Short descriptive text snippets
______

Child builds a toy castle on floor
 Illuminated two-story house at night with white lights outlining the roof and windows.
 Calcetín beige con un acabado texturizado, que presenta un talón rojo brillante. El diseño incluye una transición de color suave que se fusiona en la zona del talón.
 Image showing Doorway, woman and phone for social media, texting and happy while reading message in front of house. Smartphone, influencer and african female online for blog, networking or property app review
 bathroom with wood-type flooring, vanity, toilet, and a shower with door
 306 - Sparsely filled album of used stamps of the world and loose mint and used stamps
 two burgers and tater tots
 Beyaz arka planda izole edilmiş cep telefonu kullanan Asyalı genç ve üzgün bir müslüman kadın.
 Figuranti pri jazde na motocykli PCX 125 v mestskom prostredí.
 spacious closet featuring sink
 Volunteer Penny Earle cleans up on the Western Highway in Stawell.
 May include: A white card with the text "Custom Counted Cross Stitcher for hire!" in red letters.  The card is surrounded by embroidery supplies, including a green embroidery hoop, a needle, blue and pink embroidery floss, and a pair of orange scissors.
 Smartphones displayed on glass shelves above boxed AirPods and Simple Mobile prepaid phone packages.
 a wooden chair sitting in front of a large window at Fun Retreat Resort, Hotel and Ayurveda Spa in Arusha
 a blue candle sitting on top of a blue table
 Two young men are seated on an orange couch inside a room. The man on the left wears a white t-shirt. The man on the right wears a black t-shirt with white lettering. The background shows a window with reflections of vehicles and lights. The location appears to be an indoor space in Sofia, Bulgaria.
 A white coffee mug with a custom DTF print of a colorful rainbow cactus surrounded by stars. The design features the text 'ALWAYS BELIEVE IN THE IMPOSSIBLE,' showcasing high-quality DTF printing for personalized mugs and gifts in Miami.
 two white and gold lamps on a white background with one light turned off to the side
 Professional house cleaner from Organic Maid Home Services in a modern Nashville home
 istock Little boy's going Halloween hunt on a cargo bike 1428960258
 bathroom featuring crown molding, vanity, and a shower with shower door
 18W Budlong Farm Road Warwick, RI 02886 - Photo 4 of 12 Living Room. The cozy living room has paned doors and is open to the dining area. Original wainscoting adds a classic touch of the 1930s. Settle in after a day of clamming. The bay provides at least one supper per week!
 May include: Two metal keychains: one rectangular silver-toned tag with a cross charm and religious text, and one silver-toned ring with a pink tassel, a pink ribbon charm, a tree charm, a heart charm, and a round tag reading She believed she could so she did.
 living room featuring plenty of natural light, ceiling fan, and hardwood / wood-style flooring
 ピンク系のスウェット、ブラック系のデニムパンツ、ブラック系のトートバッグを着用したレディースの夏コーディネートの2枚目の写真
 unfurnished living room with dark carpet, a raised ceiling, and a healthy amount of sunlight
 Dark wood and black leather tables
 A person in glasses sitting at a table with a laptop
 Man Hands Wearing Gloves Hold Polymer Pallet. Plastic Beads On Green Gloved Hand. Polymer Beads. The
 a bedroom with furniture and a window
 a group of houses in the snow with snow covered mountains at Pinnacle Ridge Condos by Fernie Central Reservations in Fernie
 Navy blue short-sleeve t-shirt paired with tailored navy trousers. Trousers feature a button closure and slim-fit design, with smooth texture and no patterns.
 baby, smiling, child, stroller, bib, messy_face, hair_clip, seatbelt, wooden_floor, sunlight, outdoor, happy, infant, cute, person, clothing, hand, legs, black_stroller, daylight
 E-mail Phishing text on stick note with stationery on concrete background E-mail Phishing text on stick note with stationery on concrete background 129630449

______

#### WHAT THE EXERCISE ASKS:
Transcribe, exactly as written, all lines of the entries above from the first to the one containing "a blue candle sitting on top of a blue table", and no more.

#### EXERCISE RESPONSE:
Child builds a toy castle on floor
 Illuminated two-story house at night with white lights outlining the roof and windows.
 Calcetín beige con un acabado texturizado, que presenta un talón rojo brillante. El diseño incluye una transición de color suave que se fusiona en la zona del talón.
 Image showing Doorway, woman and phone for social media, texting and happy while reading message in front of house. Smartphone, influencer and african female online for blog, networking or property app review
 bathroom with wood-type flooring, vanity, toilet, and a shower with door
 306 - Sparsely filled album of used stamps of the world and loose mint and used stamps
 two burgers and tater tots
 Beyaz arka planda izole edilmiş cep telefonu kullanan Asyalı genç ve üzgün bir müslüman kadın.
 Figuranti pri jazde na motocykli PCX 125 v mestskom prostredí.
 spacious closet featuring sink
 Volunteer Penny Earle cleans up on the Western Highway in Stawell.
 May include: A white card with the text "Custom Counted Cross Stitcher for hire!" in red letters.  The card is surrounded by embroidery supplies, including a green embroidery hoop, a needle, blue and pink embroidery floss, and a pair of orange scissors.
 Smartphones displayed on glass shelves above boxed AirPods and Simple Mobile prepaid phone packages.
 a wooden chair sitting in front of a large window at Fun Retreat Resort, Hotel and Ayurveda Spa in Arusha
 a blue candle sitting on top of a blue table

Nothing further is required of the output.